• Available records:
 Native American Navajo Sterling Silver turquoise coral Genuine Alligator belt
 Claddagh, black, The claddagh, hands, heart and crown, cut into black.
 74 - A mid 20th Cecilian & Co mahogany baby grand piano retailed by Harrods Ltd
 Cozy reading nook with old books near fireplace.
...
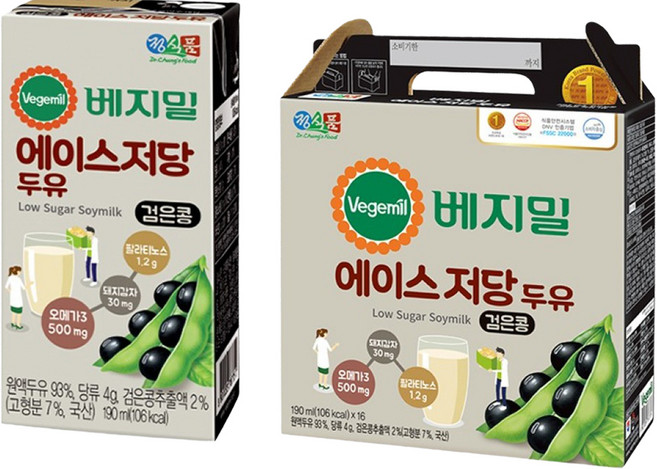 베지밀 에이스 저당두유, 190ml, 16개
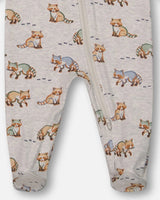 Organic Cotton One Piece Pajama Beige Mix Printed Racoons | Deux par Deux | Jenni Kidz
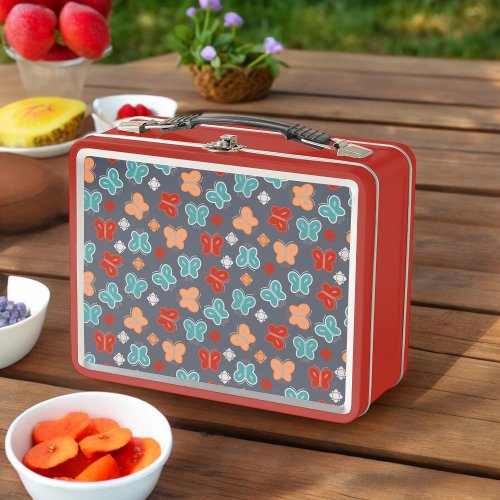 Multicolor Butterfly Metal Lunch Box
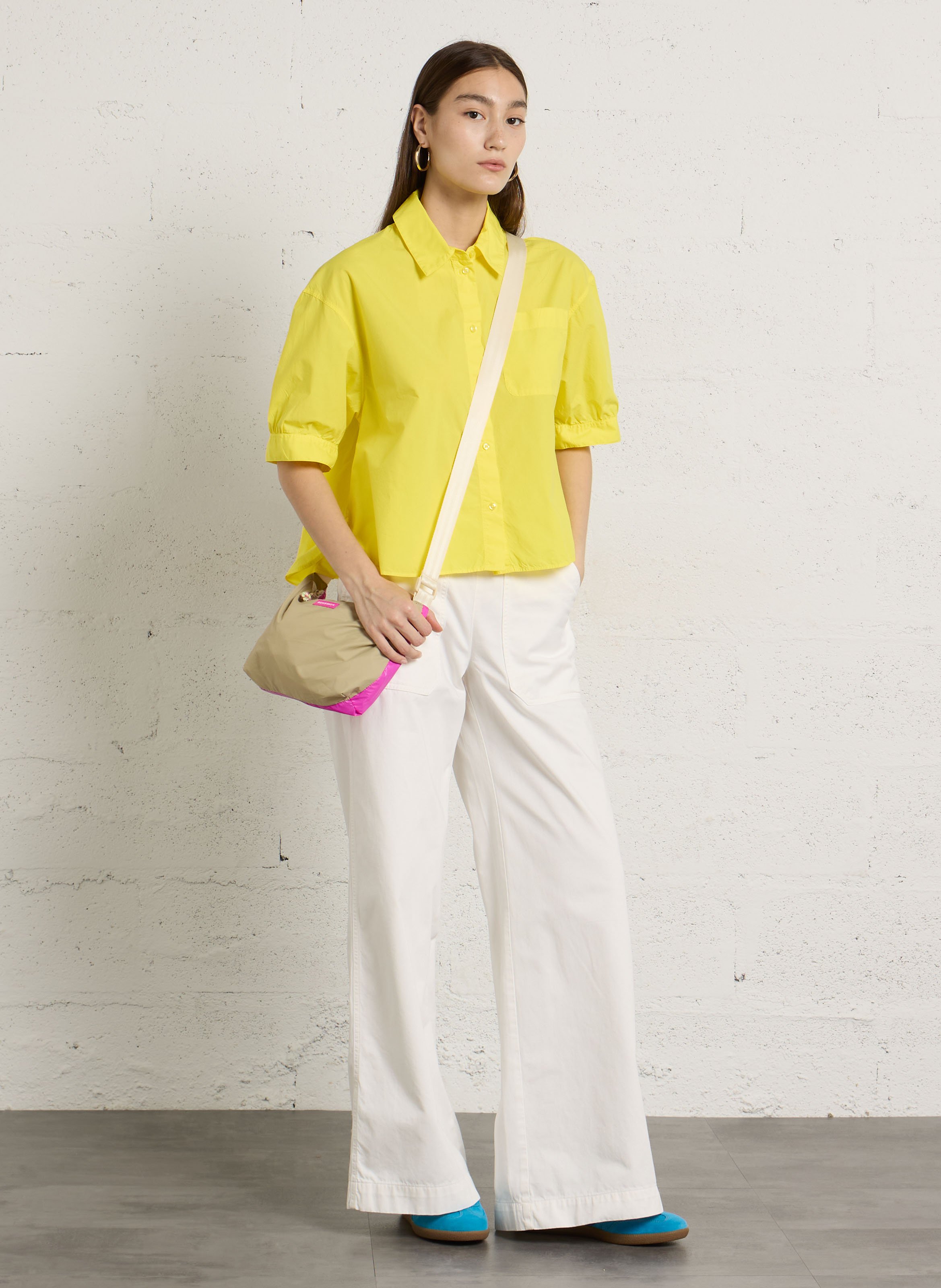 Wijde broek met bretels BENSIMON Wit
* * *
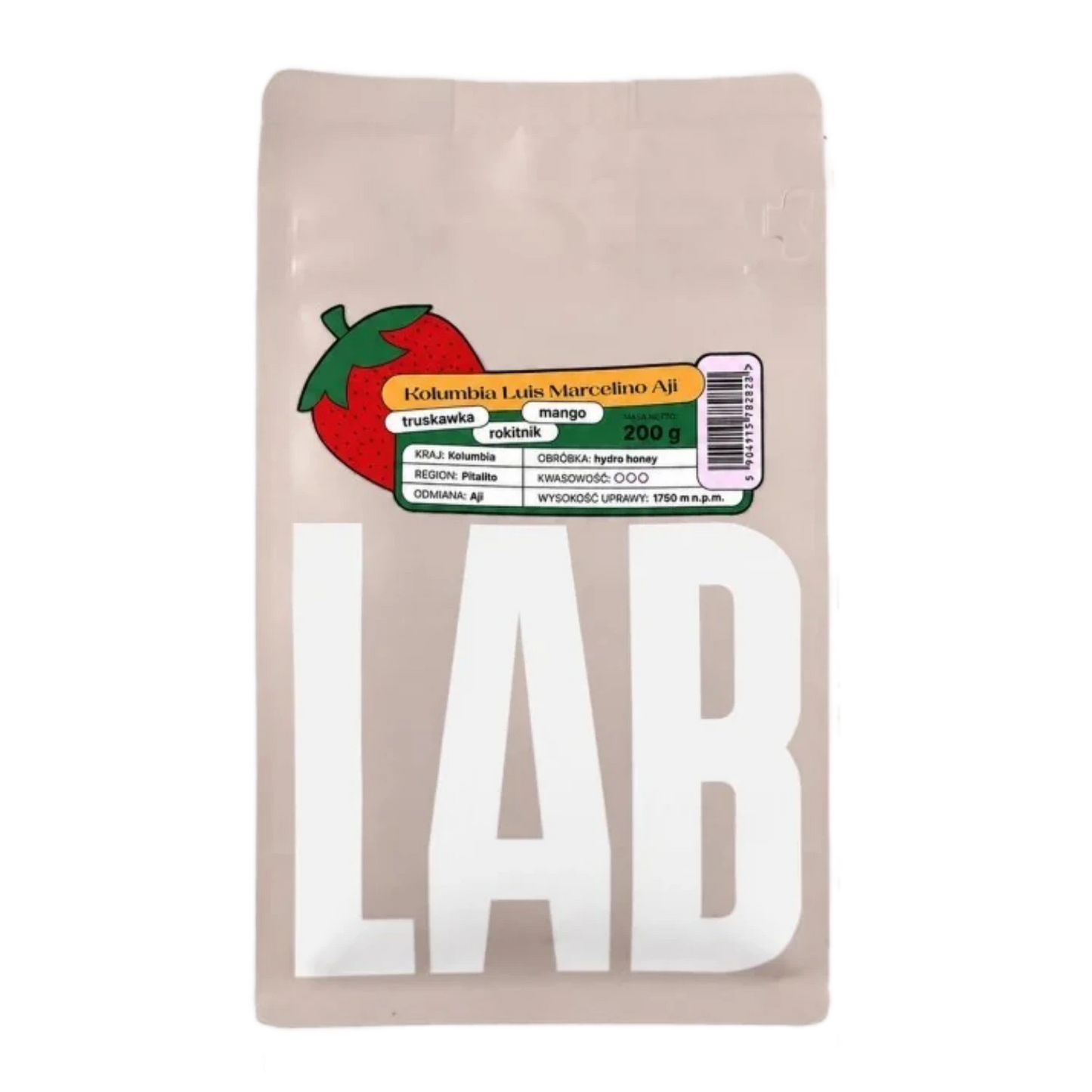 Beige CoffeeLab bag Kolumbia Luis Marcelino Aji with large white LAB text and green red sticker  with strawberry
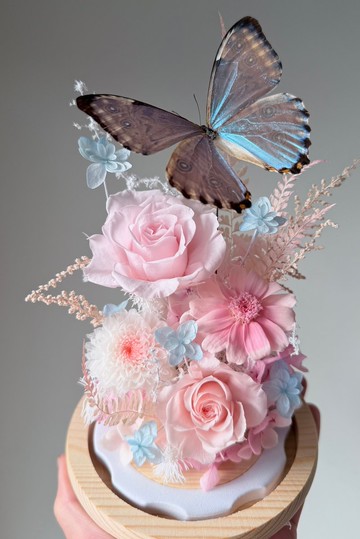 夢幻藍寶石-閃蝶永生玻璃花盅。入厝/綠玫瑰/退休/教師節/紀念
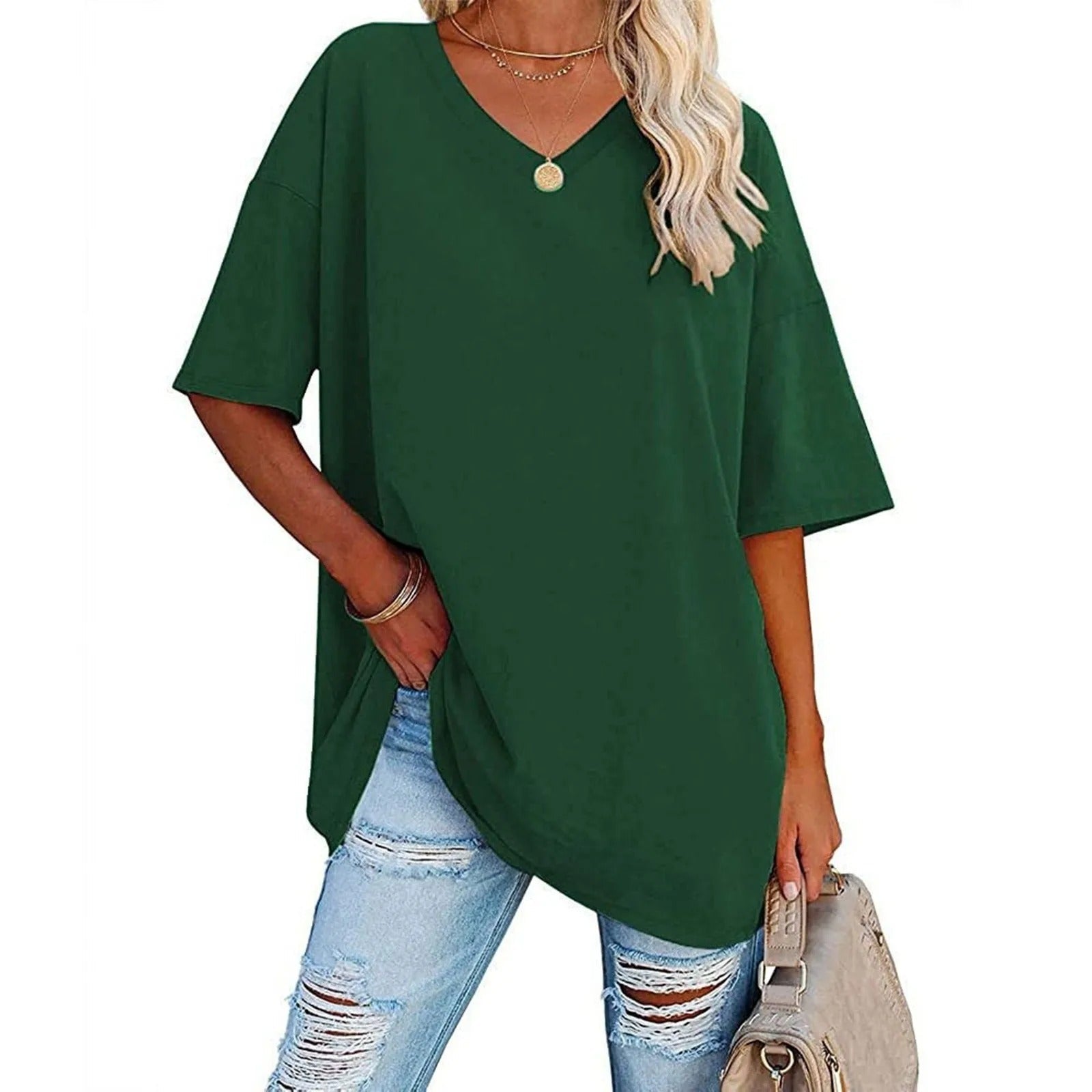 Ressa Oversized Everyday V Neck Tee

• Task objective: Retype the entries above exactly, but only from the line containing "Native American Navajo" through the line containing "Cozy reading nook", both included.

• Response box:
 Native American Navajo Sterling Silver turquoise coral Genuine Alligator belt
 Claddagh, black, The claddagh, hands, heart and crown, cut into black.
 74 - A mid 20th Cecilian & Co mahogany baby grand piano retailed by Harrods Ltd
 Cozy reading nook with old books near fireplace.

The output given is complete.